[ACTIVITY]: Please retype the data below exactly, stopping after the line with "2018 Honda Accord ex" and skipping every picture.
BEGIN RECORDS FOR THIS EXERCISE
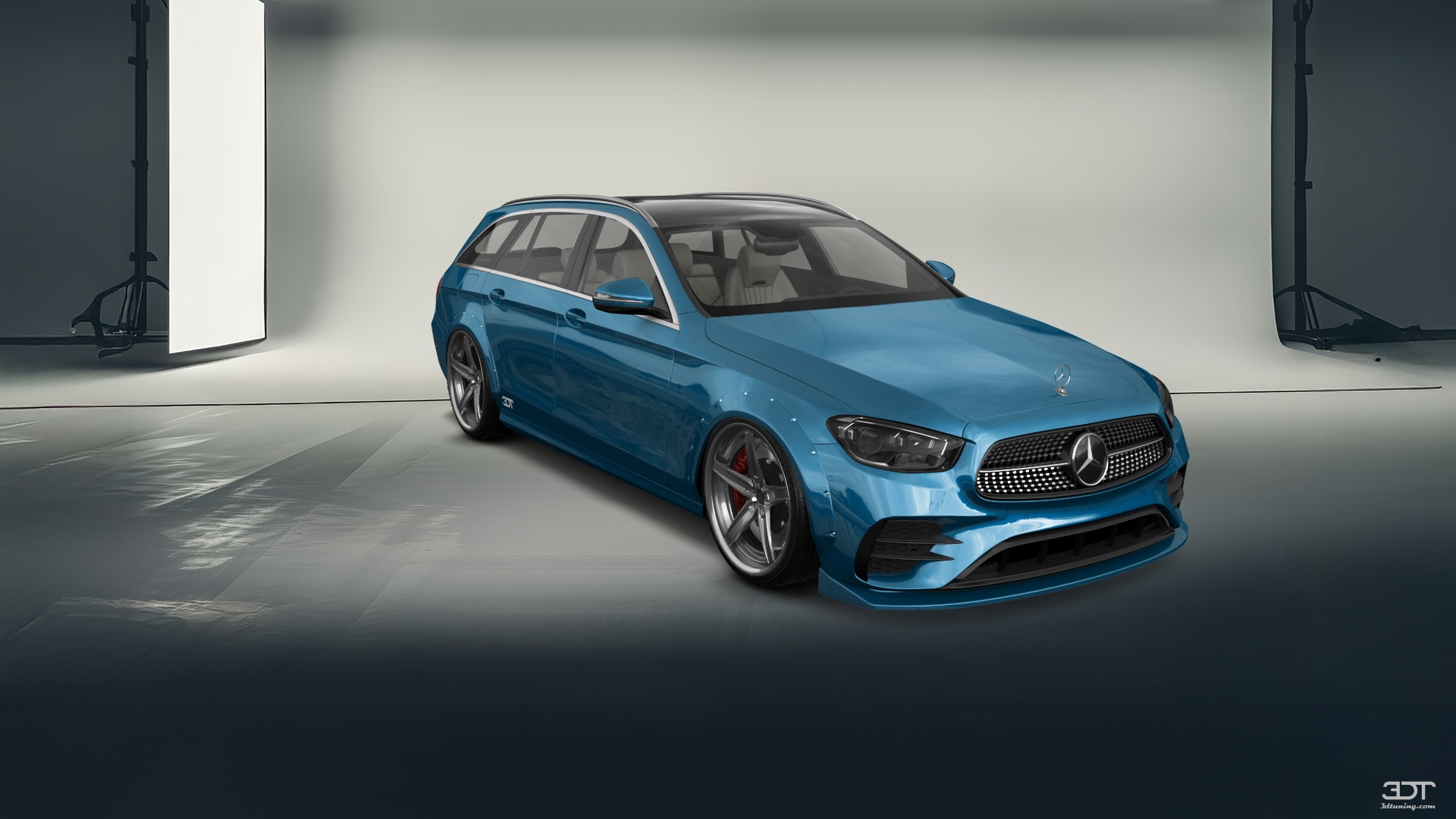 Mercedes E-Class Estate 2021 tuning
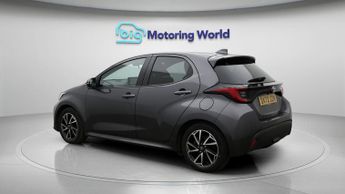 Toyota Yaris DESIGN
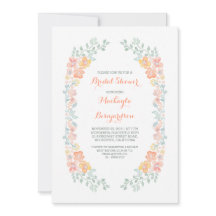 niedliches Kranz-Brautparty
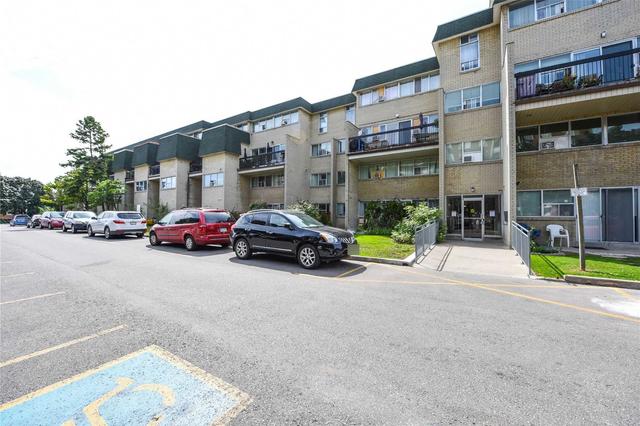 61 - 1624 Bloor St E, Townhouse with 3 bedrooms, 2 bathrooms and 1 parking in Mississauga ON | Image 12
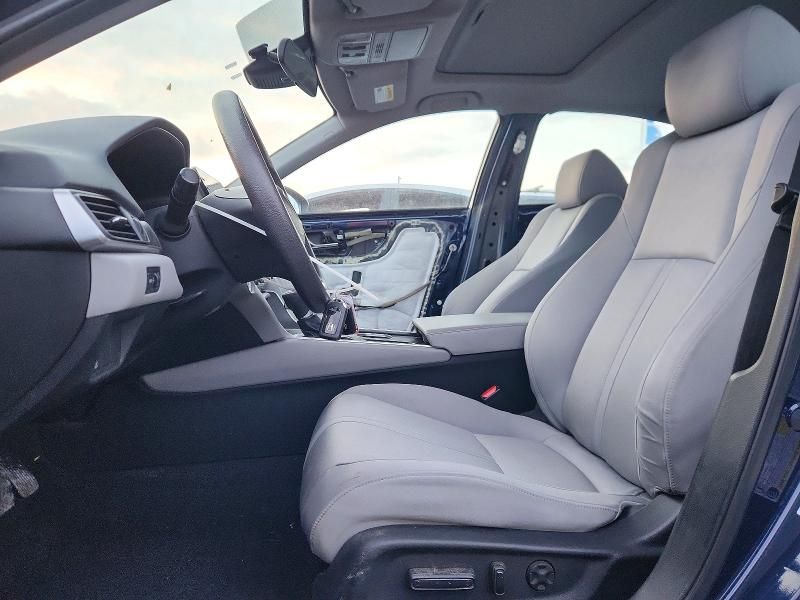 2018 Honda Accord ex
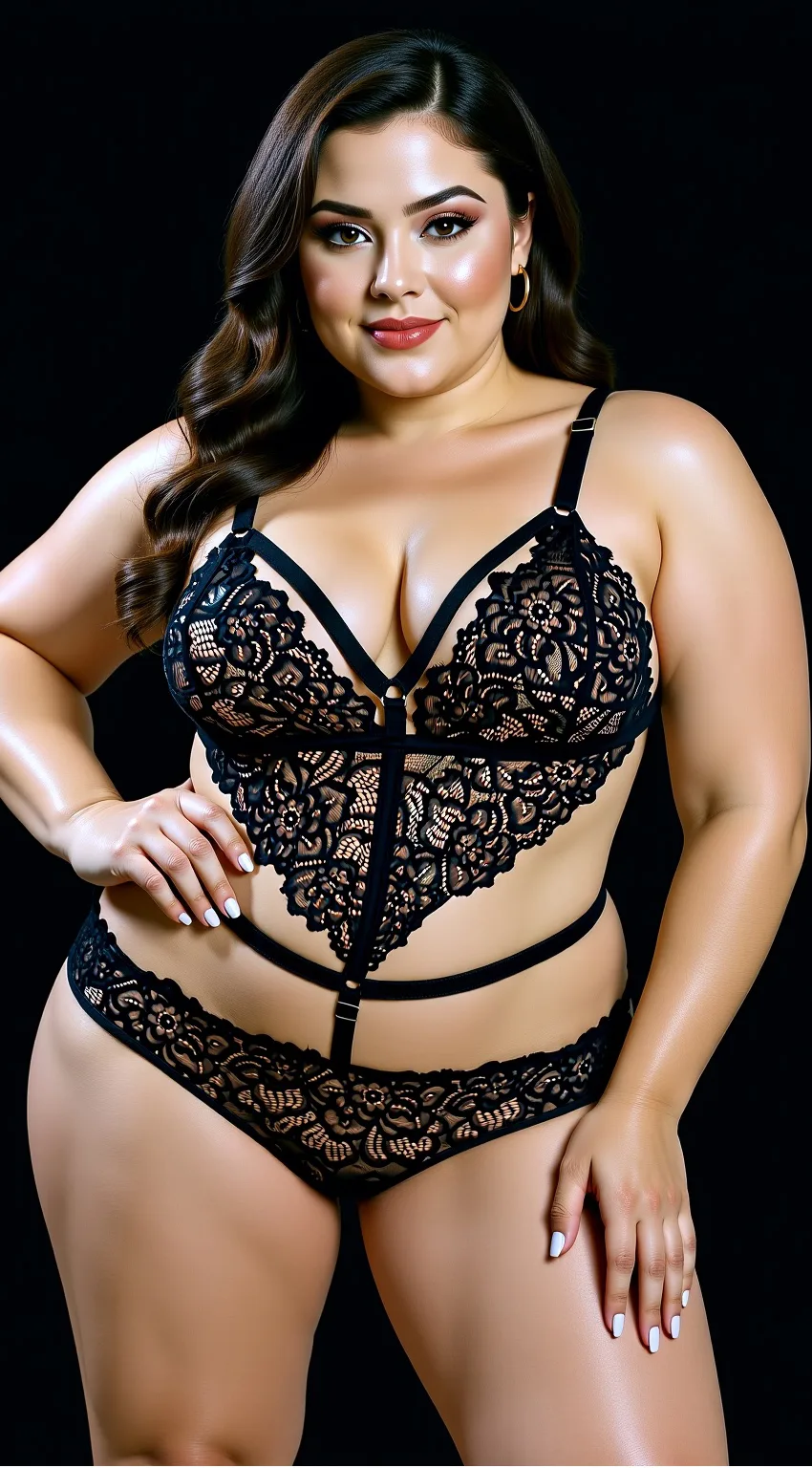 Body Encaje (Art 812) Talle 90 al 110: imagen 2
END RECORDS FOR THIS EXERCISE
[OUTPUT]:
 Mercedes E-Class Estate 2021 tuning
 Toyota Yaris DESIGN
 niedliches Kranz-Brautparty
 61 - 1624 Bloor St E, Townhouse with 3 bedrooms, 2 bathrooms and 1 parking in Mississauga ON | Image 12
 2018 Honda Accord ex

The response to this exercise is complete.